The club is named after Charilaos Trikoupis, who served seven terms as the Prime Minister of Greece, in the 19th century. The club's logo also features a depiction of Trikoupis.

Logo used until the 2019–20 season.

==History==
The club's parent athletic association, G.S. Charilaos Trikoupis Messolonghi (Γ.Σ. Χαρίλαος Τρικούπης Μεσολογγίου) was founded in 1955. The men's basketball section of the club was founded in 1959. From 1959 to 1971, the club organized local basketball tournaments and competed in friendly games.

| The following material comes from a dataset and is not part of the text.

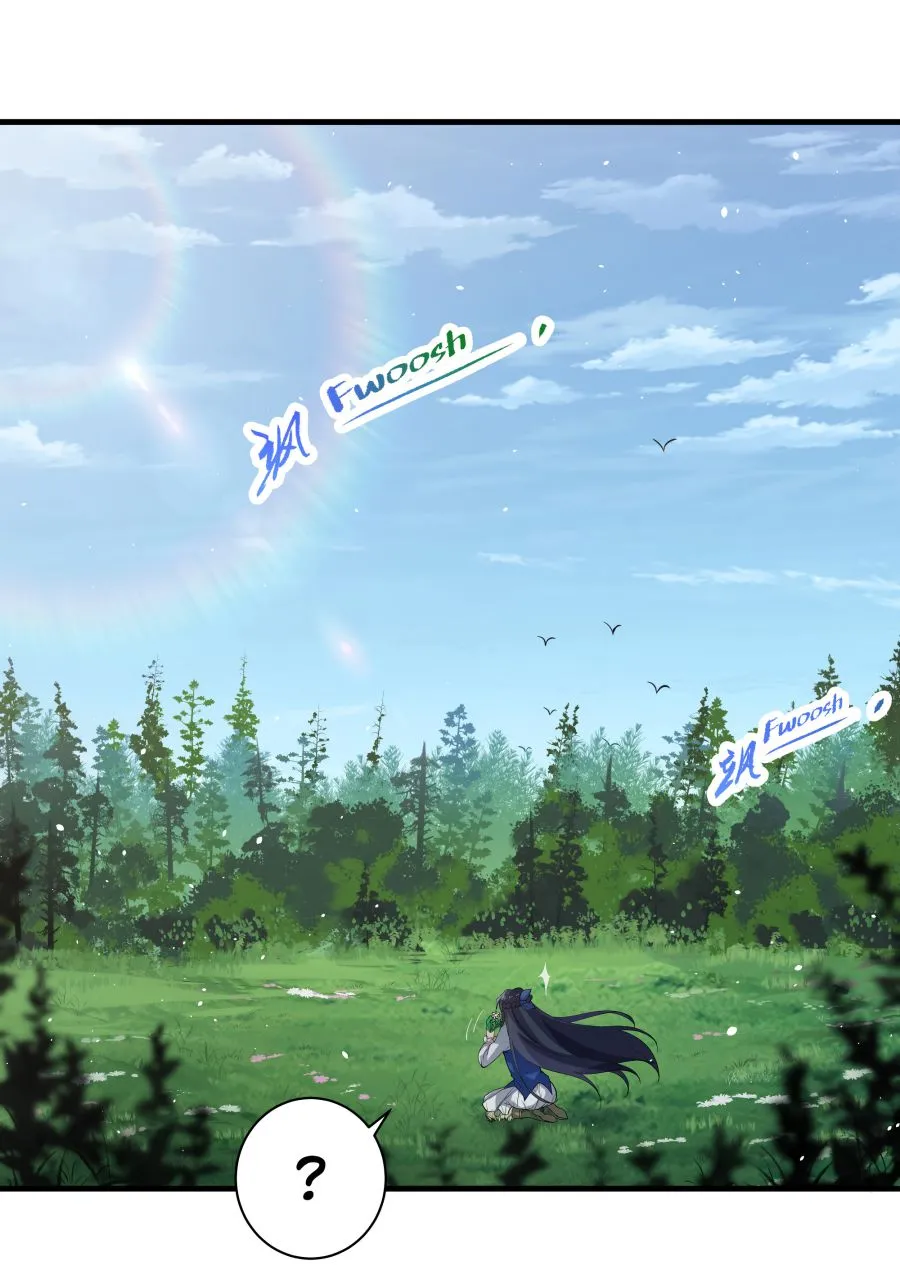 I, The Abyssal, Have Decided to Save Humanity Again Today Chapter 6 - page 40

From 1971 to 1982, the club competed in local minor league competitions. Starting with the 1982–83 season, the club began to compete in the regional minor league Association of Basketball Clubs of Northwestern Greece, or E.S.KA.V.D.E. (Ε.Σ.ΚΑ.Β.Δ.Ε). For the 1993–94 season, the club was promoted up to a Greek national competition for the first time, as it joined the Greek 4th Division. The club stayed in the Greek 4th Division for five straight seasons, through the 1997–98 season. After that, the club again played in the local and regional competitions.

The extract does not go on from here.